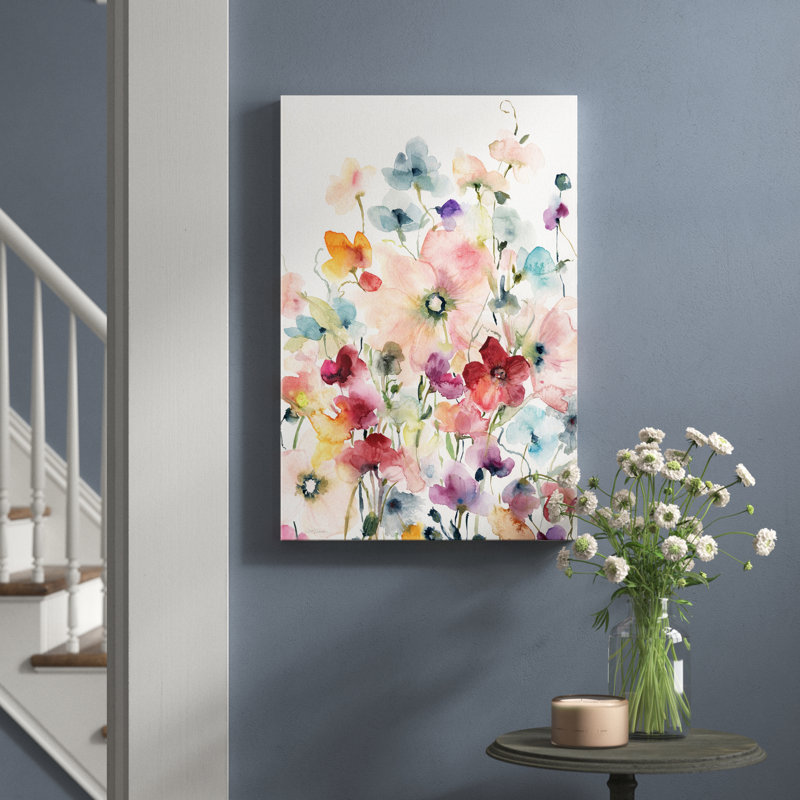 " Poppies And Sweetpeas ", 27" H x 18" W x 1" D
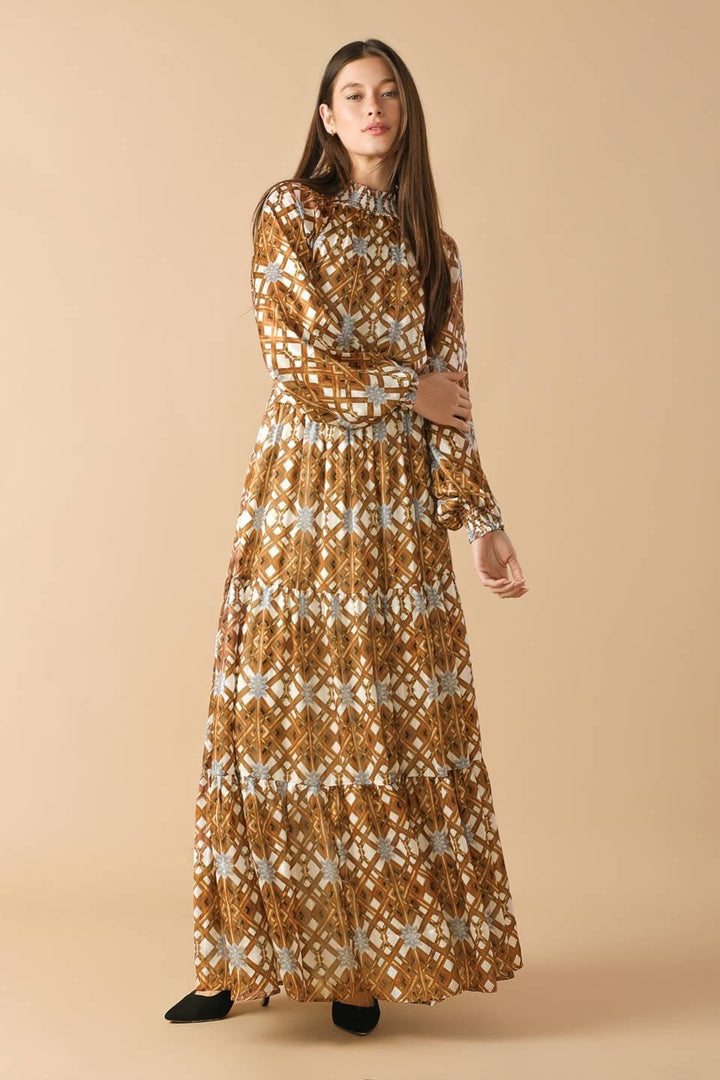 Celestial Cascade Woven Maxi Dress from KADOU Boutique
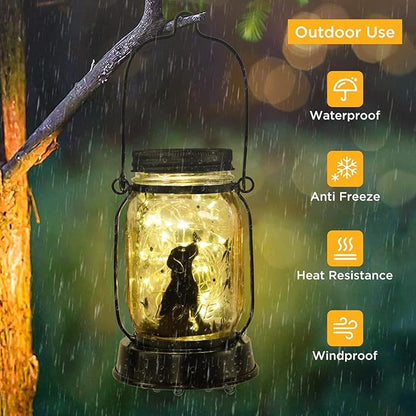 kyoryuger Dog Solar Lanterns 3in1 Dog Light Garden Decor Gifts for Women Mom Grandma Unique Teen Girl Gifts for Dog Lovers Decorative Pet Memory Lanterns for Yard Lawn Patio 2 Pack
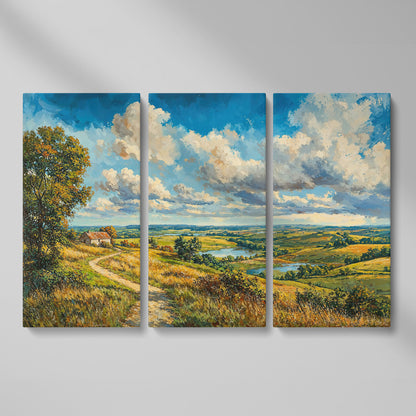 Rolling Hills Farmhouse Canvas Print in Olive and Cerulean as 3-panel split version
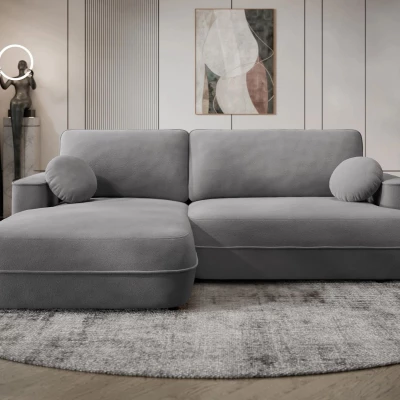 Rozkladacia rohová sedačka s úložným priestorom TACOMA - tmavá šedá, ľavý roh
# # # # #
Exactly those lines that run from the line holding "Celestial Cascade Woven" to the end of the listing above, both included, are to be reproduced, with pictures left out.

 Celestial Cascade Woven Maxi Dress from KADOU Boutique
 kyoryuger Dog Solar Lanterns 3in1 Dog Light Garden Decor Gifts for Women Mom Grandma Unique Teen Girl Gifts for Dog Lovers Decorative Pet Memory Lanterns for Yard Lawn Patio 2 Pack
 Rolling Hills Farmhouse Canvas Print in Olive and Cerulean as 3-panel split version
 Rozkladacia rohová sedačka s úložným priestorom TACOMA - tmavá šedá, ľavý roh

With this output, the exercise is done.